### BRIEF
What lines of the data hold the string "from"? Pull each one out.

### DATA EXTRACT
──────

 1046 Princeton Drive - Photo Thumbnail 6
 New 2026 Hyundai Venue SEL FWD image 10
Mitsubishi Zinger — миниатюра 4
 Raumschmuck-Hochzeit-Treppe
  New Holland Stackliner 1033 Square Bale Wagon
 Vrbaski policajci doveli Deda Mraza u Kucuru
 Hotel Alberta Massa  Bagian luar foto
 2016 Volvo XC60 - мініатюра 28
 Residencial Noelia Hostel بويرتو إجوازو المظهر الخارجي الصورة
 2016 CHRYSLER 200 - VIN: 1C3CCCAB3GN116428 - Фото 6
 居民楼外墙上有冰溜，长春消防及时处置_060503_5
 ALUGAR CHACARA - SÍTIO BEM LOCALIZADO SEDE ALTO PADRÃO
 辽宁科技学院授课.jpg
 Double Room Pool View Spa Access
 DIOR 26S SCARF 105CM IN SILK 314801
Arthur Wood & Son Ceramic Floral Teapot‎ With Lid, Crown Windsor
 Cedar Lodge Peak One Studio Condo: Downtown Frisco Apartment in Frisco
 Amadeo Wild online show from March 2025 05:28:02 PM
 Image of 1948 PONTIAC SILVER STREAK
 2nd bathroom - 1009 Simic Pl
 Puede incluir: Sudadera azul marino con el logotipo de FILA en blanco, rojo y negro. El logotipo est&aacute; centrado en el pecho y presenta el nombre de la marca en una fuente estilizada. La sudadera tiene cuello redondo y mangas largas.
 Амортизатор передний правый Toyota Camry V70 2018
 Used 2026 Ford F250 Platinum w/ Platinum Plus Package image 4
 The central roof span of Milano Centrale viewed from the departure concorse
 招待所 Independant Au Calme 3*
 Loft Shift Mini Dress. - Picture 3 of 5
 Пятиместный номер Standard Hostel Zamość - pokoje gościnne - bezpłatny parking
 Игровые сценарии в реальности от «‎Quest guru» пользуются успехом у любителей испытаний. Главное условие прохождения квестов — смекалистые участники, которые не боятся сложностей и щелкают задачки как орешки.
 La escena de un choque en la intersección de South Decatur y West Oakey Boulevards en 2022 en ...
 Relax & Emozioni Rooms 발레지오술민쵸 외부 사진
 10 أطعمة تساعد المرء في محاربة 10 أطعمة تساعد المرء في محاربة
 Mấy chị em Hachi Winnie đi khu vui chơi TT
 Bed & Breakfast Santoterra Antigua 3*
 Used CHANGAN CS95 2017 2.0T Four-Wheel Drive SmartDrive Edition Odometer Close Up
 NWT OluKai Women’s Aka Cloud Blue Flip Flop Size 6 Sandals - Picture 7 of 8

──────

### EXERCISE ANSWER
 Amadeo Wild online show from March 2025 05:28:02 PM
 The central roof span of Milano Centrale viewed from the departure concorse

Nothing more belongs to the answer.